Le livre de Muriel Gilbert est le fruit d'une recherche doctorale.
Il est centré sur le débat à instaurer entre le concept
philosophique de l'«identité narrative», mis en lumière par Paul
Ricoeur, et la perspective de la psychologie clinique et de la
psychanalyse où pareille conception narrative de l'identité
personnelle pose question. Après une introduction à la lecture de
Ricoeur, deux parties divisent l'ouvrage. La première, à propos de
Temps et récit, mesure le parcours qui va de saint Augustin à la
pensée ricoeurienne et, à partir de Soi-même comme un autre analyse
le cheminement qui va de Descartes à Ricoeur. Dans la deuxième
partie, sur l'horizon de Freud et de Lacan, sont proposés des
éléments pour une discussion critique. L'étude s'achève par des
«ouvertures cliniques», tant à propos de Ricoeur qu'à partir de
lui.
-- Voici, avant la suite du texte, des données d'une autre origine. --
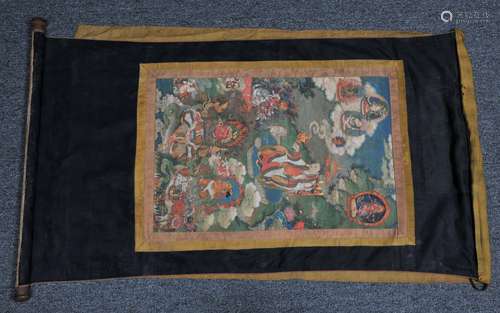 Buddhist painting. Tibet. 18th century. Thangkha of The Great Adept Upsaka Dharmatala surrounded by trantric divinities, each labeled in gold. Mineral pigments and gilt on heavy cloth. 24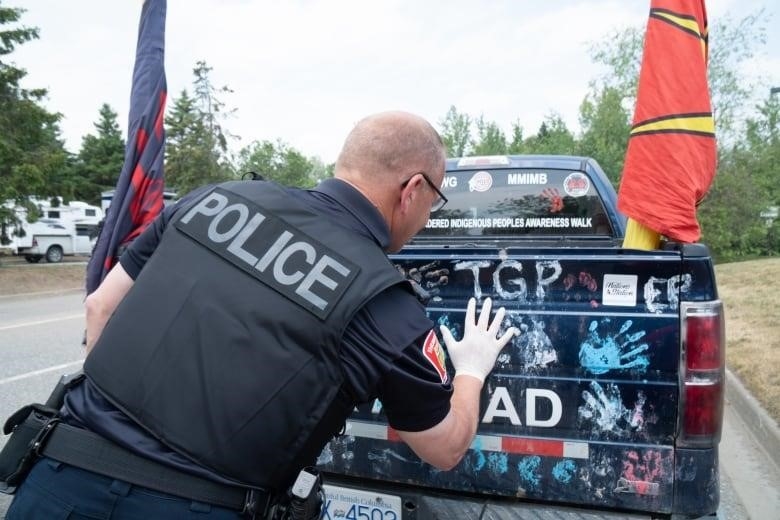 Police Office printing his handprint on the back of the truck.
Limpides et bien menées, les analyses de l'A. tentent de
montrer que l'approche ricoeurienne de l'identité doit être soumise
au crible de la critique, si l'on veut qu'elle soit signifiante
dans l'univers de la pratique et de la réflexion thérapeutiques. On
voit surtout se dessiner les limites d'une conception narrative de
l'identité à exprimer la dimension inconsciente de l'expérience.
L'A. se demande s'il ne faudrait pas appréhender l'approche
narrative de l'identité en terme de visée. Celle-ci dirait
l'intemporalité inhérente à la dimension inconsciente de
l'expérience, par opposition au caractère temporel de l'existence.
Ces critiques ne sont évidemment pas faites d'un point de vue
strictement philosophique. Elles veulent seulement se proposer à
partir de la perspective psychanalytique, et constituer le
préalable nécessaire à la reprise des vues ricoeuriennes dans le
champ de la psychologie clinique. - H. Jacobs, S.J.